The Downsides of Widespread Homeownership; Have Americans Overinvested in Housing? Probably
From the Richmond Fed article "House Bias: The Economic Consequences of Subsidizing Homeownership":
The homeownership rate is about 68% now (see chart above). Perhaps the best policy question is no longer why the homeownership rate in the United States is so low. A question that economists might ponder instead is: Why should we want the homeownership rate to be so high?

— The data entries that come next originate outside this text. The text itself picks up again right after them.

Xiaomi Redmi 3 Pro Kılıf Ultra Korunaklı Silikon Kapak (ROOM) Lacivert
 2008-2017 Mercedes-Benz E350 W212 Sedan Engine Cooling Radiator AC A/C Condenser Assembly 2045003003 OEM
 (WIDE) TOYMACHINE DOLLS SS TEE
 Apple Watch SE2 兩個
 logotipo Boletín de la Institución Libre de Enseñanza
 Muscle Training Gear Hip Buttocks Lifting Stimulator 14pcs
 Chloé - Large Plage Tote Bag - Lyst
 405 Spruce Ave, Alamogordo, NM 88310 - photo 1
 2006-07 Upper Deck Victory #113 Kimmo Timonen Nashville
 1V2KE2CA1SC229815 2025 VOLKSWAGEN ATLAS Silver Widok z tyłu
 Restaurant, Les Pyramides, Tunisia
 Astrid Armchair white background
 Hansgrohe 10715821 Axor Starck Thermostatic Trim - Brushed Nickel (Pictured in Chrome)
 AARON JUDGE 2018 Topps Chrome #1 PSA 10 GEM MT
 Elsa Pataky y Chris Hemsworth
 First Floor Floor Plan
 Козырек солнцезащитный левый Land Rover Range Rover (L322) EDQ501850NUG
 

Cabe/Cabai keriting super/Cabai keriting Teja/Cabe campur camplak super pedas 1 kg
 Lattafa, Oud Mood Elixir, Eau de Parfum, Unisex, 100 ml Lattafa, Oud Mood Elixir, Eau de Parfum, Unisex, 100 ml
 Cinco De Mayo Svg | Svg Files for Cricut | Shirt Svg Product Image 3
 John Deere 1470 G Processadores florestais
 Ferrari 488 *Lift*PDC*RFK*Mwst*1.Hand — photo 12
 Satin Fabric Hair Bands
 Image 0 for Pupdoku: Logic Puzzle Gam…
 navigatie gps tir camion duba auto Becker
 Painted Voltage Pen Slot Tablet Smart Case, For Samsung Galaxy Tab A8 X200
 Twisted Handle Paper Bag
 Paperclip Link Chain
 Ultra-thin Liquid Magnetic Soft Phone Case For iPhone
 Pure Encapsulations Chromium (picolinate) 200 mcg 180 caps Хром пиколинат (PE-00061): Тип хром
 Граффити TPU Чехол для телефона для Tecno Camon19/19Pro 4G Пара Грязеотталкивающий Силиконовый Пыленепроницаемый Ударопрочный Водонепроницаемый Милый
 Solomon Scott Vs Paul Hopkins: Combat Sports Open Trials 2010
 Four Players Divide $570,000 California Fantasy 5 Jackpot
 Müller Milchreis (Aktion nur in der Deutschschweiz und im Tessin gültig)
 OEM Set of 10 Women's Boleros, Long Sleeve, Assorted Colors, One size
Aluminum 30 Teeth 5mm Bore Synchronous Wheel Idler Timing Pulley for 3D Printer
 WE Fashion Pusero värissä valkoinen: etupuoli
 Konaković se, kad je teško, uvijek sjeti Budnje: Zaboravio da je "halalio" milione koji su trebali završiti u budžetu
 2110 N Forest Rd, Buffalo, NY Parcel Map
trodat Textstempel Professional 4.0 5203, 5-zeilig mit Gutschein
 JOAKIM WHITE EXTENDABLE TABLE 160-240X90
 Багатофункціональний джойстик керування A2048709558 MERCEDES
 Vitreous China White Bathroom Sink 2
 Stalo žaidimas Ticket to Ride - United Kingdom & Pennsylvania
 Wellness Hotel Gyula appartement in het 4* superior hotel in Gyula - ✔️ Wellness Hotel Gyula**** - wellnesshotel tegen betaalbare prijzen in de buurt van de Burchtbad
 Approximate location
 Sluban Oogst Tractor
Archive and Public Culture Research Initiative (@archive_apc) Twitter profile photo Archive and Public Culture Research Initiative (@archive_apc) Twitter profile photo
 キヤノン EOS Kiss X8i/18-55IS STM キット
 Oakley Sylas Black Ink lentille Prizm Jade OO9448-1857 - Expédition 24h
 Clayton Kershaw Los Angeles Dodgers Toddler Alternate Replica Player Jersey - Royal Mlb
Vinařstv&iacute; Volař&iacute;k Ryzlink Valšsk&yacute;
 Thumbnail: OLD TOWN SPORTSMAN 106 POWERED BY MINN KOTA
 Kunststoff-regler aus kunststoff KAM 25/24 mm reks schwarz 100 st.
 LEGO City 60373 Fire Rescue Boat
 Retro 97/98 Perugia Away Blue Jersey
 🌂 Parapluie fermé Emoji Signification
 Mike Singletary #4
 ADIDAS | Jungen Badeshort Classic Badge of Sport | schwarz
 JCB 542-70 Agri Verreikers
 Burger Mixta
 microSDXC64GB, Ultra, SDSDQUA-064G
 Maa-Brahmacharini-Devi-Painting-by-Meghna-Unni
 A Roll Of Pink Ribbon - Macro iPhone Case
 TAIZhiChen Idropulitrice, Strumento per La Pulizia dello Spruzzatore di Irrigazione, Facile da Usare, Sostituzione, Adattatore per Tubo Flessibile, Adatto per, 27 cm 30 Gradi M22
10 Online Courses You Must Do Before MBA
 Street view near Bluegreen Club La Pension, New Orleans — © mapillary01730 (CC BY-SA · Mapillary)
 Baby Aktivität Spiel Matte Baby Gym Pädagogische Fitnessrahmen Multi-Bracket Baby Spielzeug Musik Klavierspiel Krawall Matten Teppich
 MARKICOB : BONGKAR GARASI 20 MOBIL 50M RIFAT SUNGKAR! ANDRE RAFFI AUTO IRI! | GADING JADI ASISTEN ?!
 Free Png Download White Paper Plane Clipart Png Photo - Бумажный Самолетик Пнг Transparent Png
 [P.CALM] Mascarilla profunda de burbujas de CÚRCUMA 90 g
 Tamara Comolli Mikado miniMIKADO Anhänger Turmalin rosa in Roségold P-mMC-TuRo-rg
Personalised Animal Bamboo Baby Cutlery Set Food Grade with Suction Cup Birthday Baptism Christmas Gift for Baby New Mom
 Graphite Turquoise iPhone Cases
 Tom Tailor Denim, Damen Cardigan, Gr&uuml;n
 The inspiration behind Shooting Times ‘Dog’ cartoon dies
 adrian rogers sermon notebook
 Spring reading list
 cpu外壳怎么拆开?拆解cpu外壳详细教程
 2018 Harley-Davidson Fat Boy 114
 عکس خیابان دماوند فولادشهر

The Downsides of Widespread Homeownership
1. The current policies produce an economy in which housing investment is generally higher than it would be if government didn’t favor it. Simply put, Americans may have overinvested in housing. And every dollar that is invested in housing stock is a dollar not invested in a more productive use elsewhere. That results in a net reduction in overall economic efficiency.
3. The costs of owning a home go beyond the financial commitments too. Being tied down to a house tends to make people less likely to leave an area in which employment prospects are deteriorating. After all, terminating a lease is much less costly and time-consuming than foreclosing on a house or selling a home, even if the owner breaks even on the transaction. Economists predict this would lead to a decline in “labor mobility,” the ability for people to move to where the jobs are.
4. Homeownership also tends to contribute to adverse political incentives. Incumbent homeowners have an interest in keeping their property values high and have been shown statistically to have a bias in favor of land-use regulations. These restrictions limit the number of houses that can be built in any geographic area and, consequently, keep housing inventory low and property values artificially inflated.